__Problem to work on__
Return every entry below exactly as written, minus the pictures.

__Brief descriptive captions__
══════════

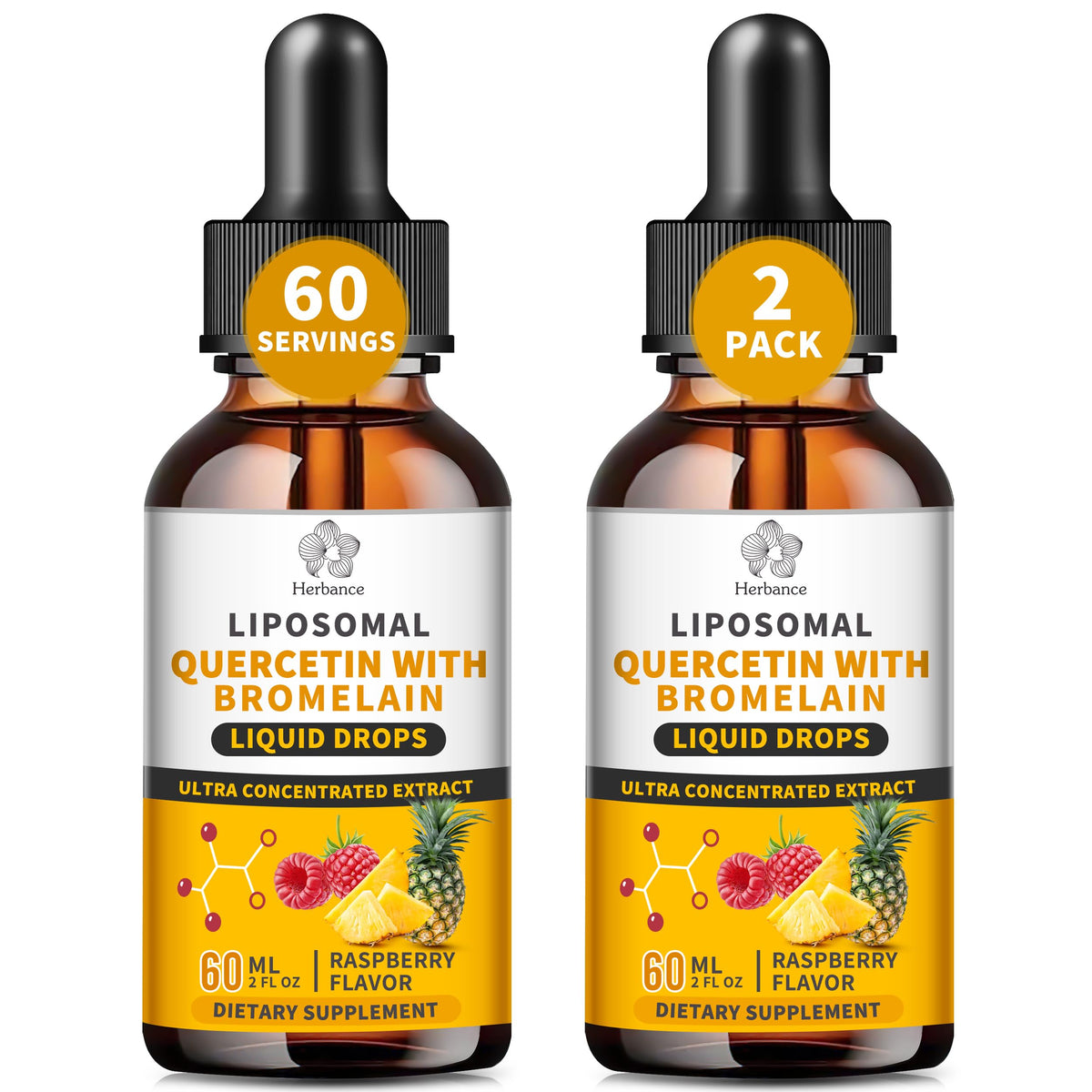 Flacon de quercétine liposomale Herbance 750mg avec bromélaïne 150mg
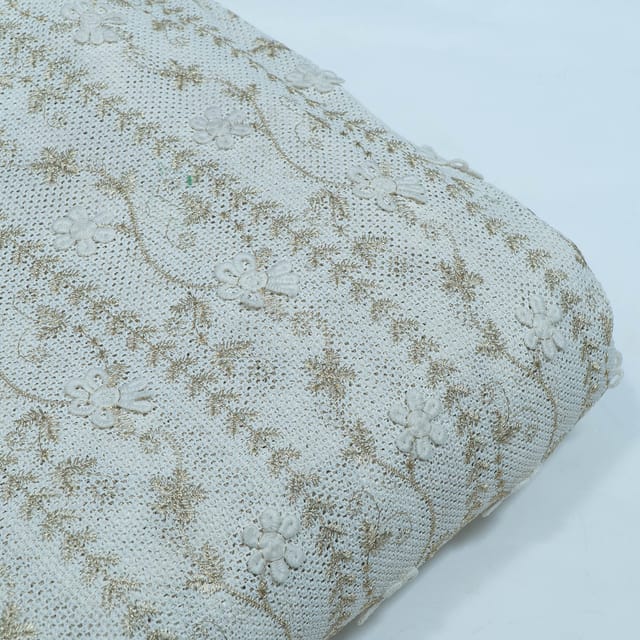 Cream Color Imported Lace Embroidered Fabric
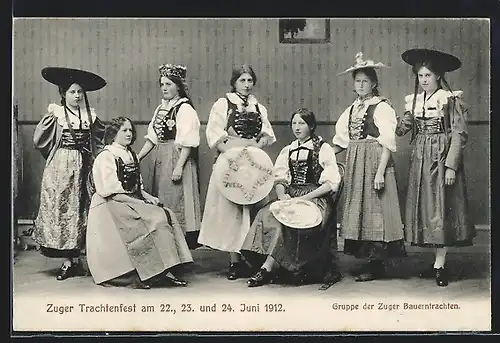 AK Zug, Trachtenfest im Juni 1912, Gruppe der Zuger Bauerntrachten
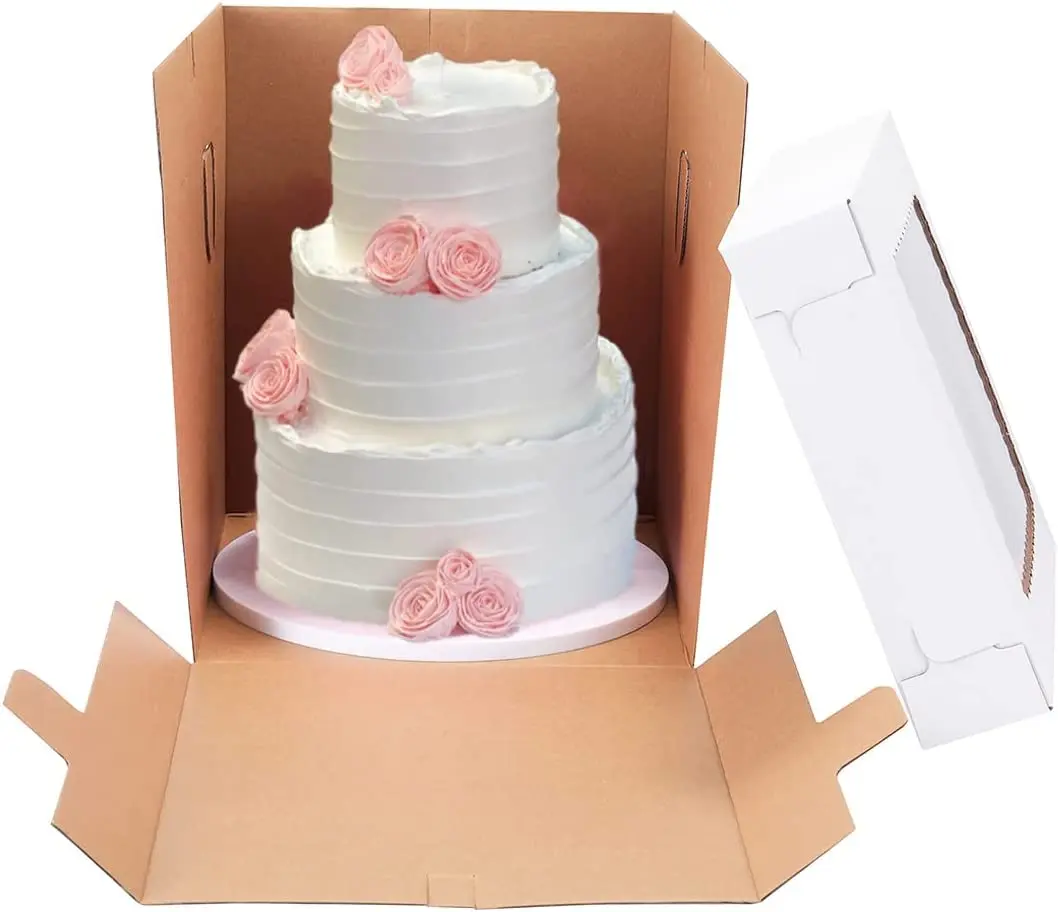 Tall Cake Boxes with Window 8x8x10,10x10x12 and 12x12x12Inch,Sturdy White Cake Boxes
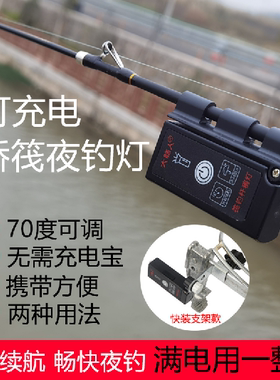 桥筏灯竿稍灯专业桥上筏钓灯充电筏竿钓灯黄蓝色LED夜钓灯防水灯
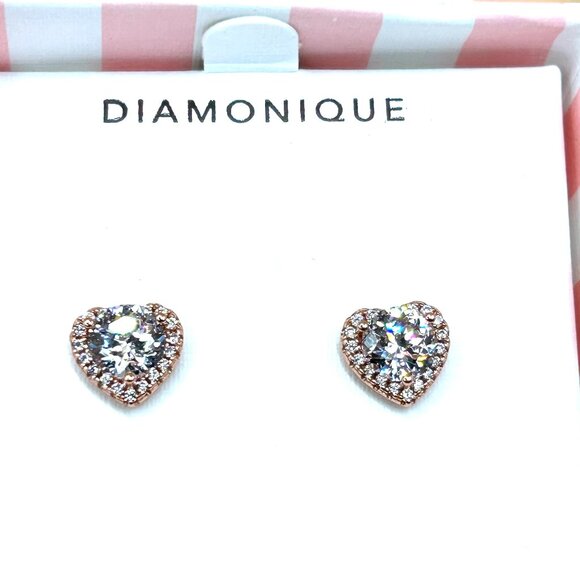 Diamonique New in Box Sterling Silver Rose Pink Gold Heart Cut CZ Earrings QVC - Picture 8 of 8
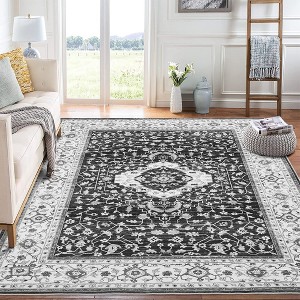 Vintage Rug for Living Room Soft Thin Rug Indoor Floral Print Distressed Rug Aesthetic Rug - 1 of 4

══════════

__Answer box__
 Flacon de quercétine liposomale Herbance 750mg avec bromélaïne 150mg
 Cream Color Imported Lace Embroidered Fabric
 AK Zug, Trachtenfest im Juni 1912, Gruppe der Zuger Bauerntrachten
 Tall Cake Boxes with Window 8x8x10,10x10x12 and 12x12x12Inch,Sturdy White Cake Boxes
 桥筏灯竿稍灯专业桥上筏钓灯充电筏竿钓灯黄蓝色LED夜钓灯防水灯
 Diamonique New in Box Sterling Silver Rose Pink Gold Heart Cut CZ Earrings QVC - Picture 8 of 8
 Vintage Rug for Living Room Soft Thin Rug Indoor Floral Print Distressed Rug Aesthetic Rug - 1 of 4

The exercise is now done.